Abstract:Recent advancements in multimodal large language models have successfully extended the Reason-Then-Respond paradigm to image-based reasoning, yet video-based reasoning remains an underdeveloped frontier, primarily due to the scarcity of high-quality reasoning-oriented data and effective training methodologies. To bridge this gap, we introduce DarkEventInfer and MixVidQA, two novel datasets specifically designed to stimulate the model's advanced video understanding and reasoning abilities. DarkEventinfer presents videos with masked event segments, requiring models to infer the obscured content based on contextual video cues. MixVidQA, on the other hand, presents interleaved video sequences composed of two distinct clips, challenging models to isolate and reason about one while disregarding the other.

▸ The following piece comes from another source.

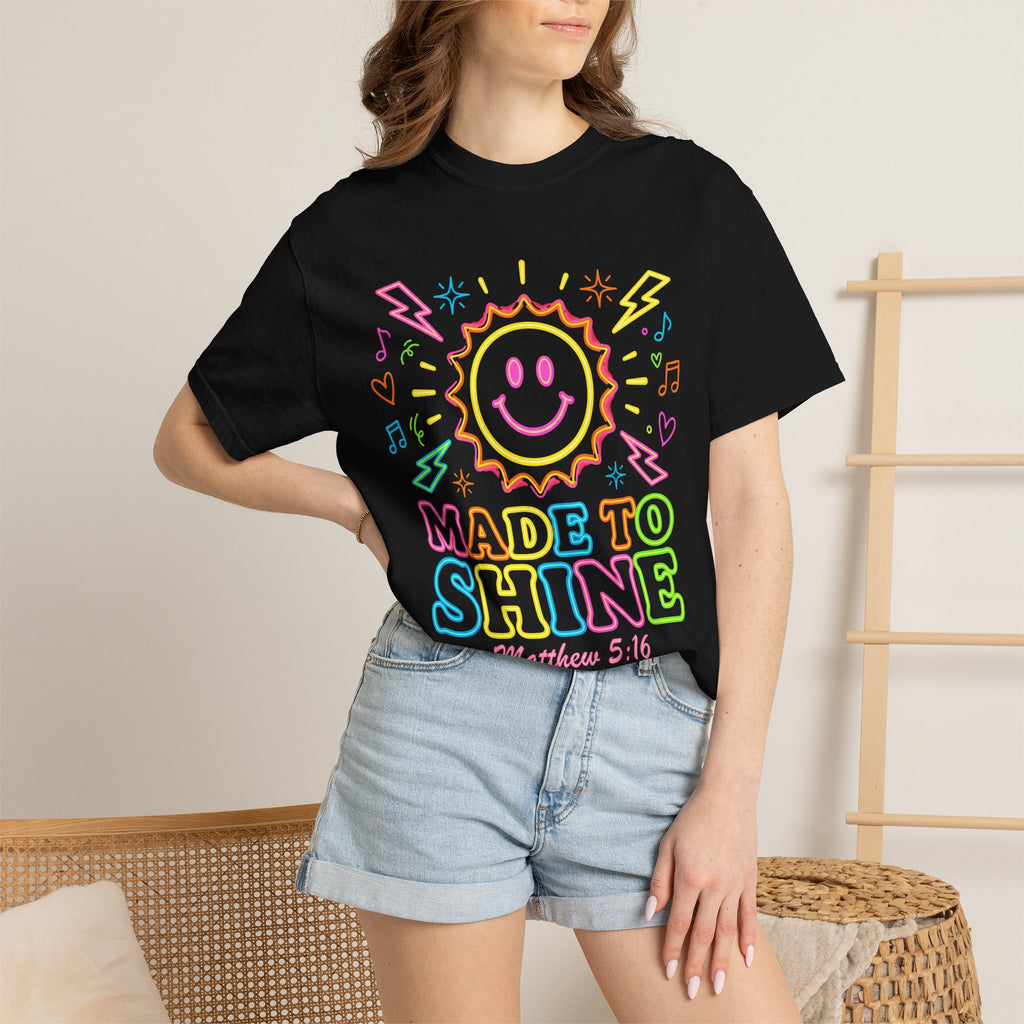 Made to Shine T‑Shirt — Pastel Smiley Sun Christian Graphic (Matthew 5:16)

Leveraging these carefully curated training samples together with reinforcement learning guided by diverse reward functions, we develop VersaVid-R1, the first versatile video understanding and reasoning model under the Reason-Then-Respond paradigm capable of handling multiple-choice and open-ended question answering, as well as video captioning tasks. Extensive experiments demonstrate that VersaVid-R1 significantly outperforms existing models across a broad spectrum of benchmarks, covering video general understanding, cognitive reasoning, and captioning tasks.